- [WHAT IS EXPECTED] Could you restate every entry word for word, leaving the pictures out?

- [SUPPLIED MATERIAL]
━━━━━━

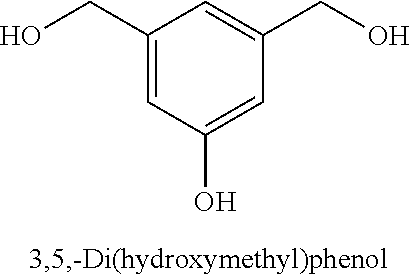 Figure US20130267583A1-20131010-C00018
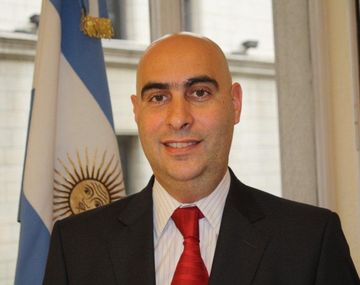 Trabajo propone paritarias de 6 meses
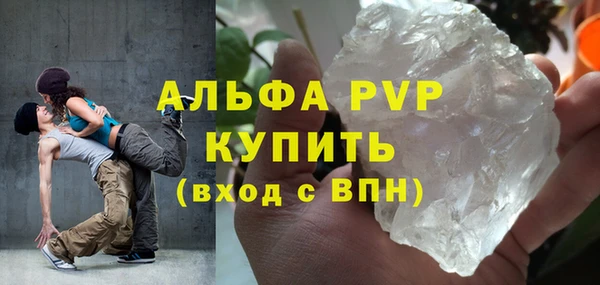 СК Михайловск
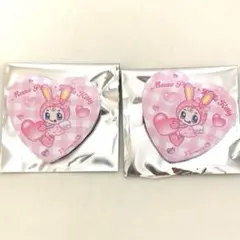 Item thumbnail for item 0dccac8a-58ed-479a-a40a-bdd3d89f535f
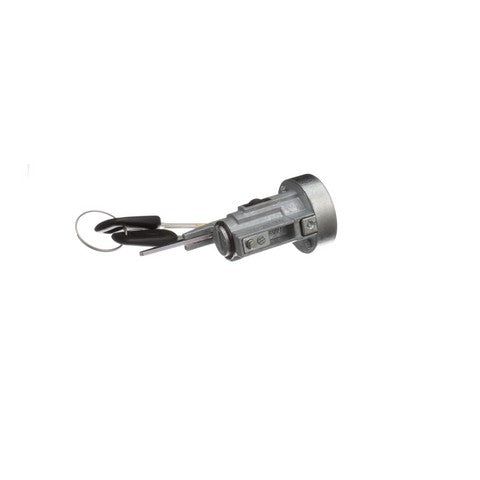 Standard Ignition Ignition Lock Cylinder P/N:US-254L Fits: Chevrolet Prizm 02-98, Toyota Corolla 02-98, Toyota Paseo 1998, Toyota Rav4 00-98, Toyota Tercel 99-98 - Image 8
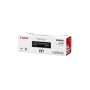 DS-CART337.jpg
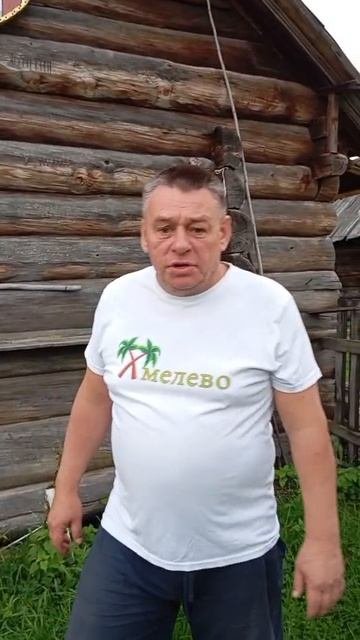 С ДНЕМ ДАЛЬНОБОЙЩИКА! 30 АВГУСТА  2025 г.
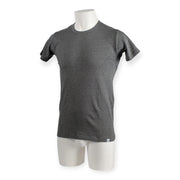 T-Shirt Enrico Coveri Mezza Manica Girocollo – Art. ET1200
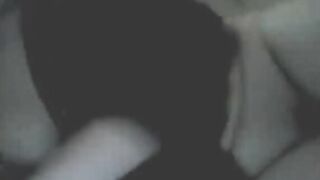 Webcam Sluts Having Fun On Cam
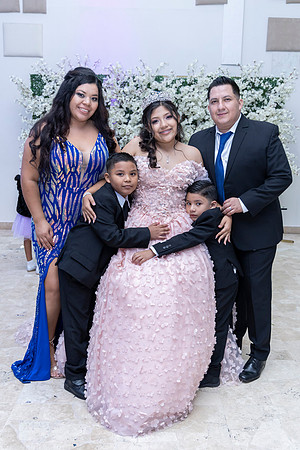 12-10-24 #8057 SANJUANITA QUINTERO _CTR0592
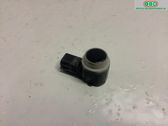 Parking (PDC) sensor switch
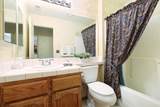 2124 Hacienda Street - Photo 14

━━━━━━

- [OUTPUT FOR THIS EXERCISE]
 Figure US20130267583A1-20131010-C00018
 Trabajo propone paritarias de 6 meses
 СК Михайловск
 Item thumbnail for item 0dccac8a-58ed-479a-a40a-bdd3d89f535f
 Standard Ignition Ignition Lock Cylinder P/N:US-254L Fits: Chevrolet Prizm 02-98, Toyota Corolla 02-98, Toyota Paseo 1998, Toyota Rav4 00-98, Toyota Tercel 99-98 - Image 8
 DS-CART337.jpg
 С ДНЕМ ДАЛЬНОБОЙЩИКА! 30 АВГУСТА  2025 г.
 T-Shirt Enrico Coveri Mezza Manica Girocollo – Art. ET1200
 Webcam Sluts Having Fun On Cam
 12-10-24 #8057 SANJUANITA QUINTERO _CTR0592
 Parking (PDC) sensor switch
 2124 Hacienda Street - Photo 14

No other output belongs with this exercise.